You can actually exploit the sparseness of Doc-by-Term matrix by using Cosine similarity calculation.
I believe it wouldn't take much time for 1m comparison with Cosine similarity metric if you use sparse matrix implementation correctly on a reasonably powerful machine (CRS or CCS format - http://en.wikipedia.org/wiki/Sparse_matrix).
Depending on the application, you may first cluster the documents, and then compare the new given document with the clusters (which happen to be less than the total number of documents) and then compare it with the documents in more relevant cluster(s). Just an idea.
If you have a more particular question, I can try to help accordingly. Good luck!
for cosine similarity calculation between two documents you need O(mn) where m is the length of first document and n is the length of the second. If you have N documents you need O(N2 mn).
But I think the question is related accuracy specially when matrix is sparse, full of zeros.
I know it takes nxm multiplications if we use regular full/dense vectors. However, I know from experience that Document-Term matrices are usually about +95% sparse which means we never need to make this many multiplications. This is where we exploit the sparseness. Ugur asks they need to compare a newcoming document with the existing ones, so I expect that the operation takes N cosine calculations with very few number of multiplications at each Cosine calculation (we never need to multiply by the zeros in CRS/CSS structure).
Of course, depending on the expected throughput, this solution could be unacceptable due to total processing time. So, smarter ways could be developed like clustering the whole document collection etc.
You can proceed as follows (unsupervised classification):
1. Create the clusters using K-means for example.

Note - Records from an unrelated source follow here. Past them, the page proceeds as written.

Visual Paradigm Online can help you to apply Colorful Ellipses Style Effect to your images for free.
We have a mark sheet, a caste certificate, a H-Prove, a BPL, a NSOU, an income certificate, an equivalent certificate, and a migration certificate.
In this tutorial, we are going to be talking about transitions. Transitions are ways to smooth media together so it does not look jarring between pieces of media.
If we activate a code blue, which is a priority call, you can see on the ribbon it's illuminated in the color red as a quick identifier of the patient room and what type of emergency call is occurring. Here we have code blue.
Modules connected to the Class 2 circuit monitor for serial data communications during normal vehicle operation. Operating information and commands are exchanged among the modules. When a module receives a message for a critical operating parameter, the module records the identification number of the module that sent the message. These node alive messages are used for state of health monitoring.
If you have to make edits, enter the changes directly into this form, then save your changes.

2. Once a new document is introduced, you can compare it to the centroid of each cluster. And, the document is affected to the closest cluster. Or you can show to the user the set of the similar documents ordered by similarity distance.

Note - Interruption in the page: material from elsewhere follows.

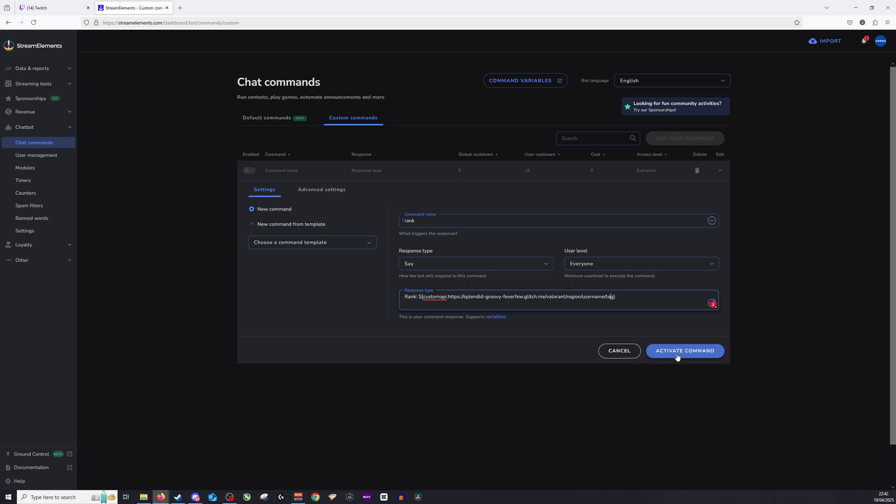So username will want to be whatever your Riot ID is, and of course, the tagline you have as well. Once you've done this, just click Activate Command, and it will go straight from there. So I hope that was helpful. Thank you so much for watching. Don't forget to like and subscribe.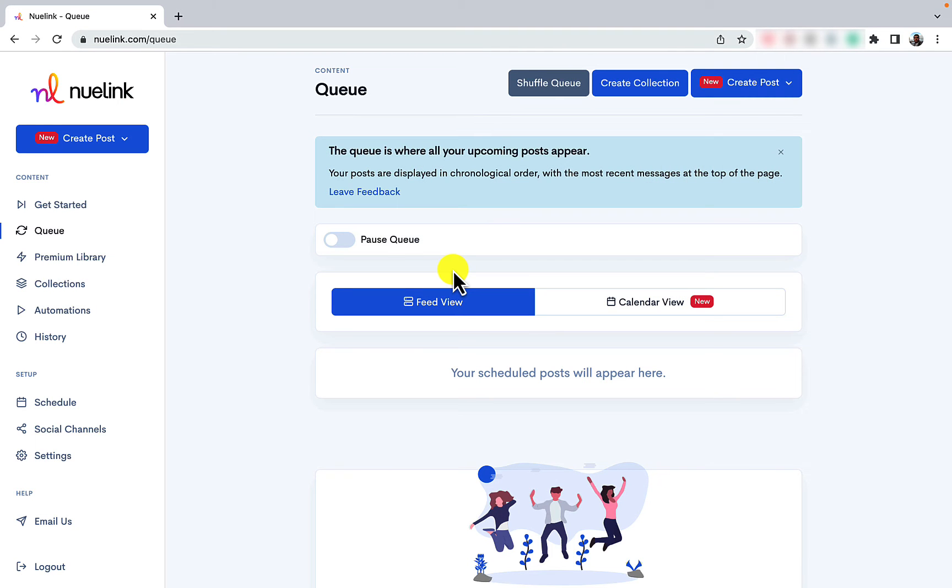The first thing you will need to do when you finish signing up to Nuulink is to connect the channels you'd like Nuulink to post to. Here is how to connect your Google Business account. First, go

But the other possibility is to propose a supervised method to classify the document. In this case, you could proceed as follow:
1. You select the set of training documents.
2. You create the vocabulary ( in the case of bag-of-words representation, it is the set of all the word in the training corpus without repetition) . Then you create the set of vectors. These vectors should have the same size as the vocabulary.
3. You feed these documents to the classifier. If you use for instance SVMs a learning model will be created.
4. for a new document the learned model will be used to predict the class of this new document.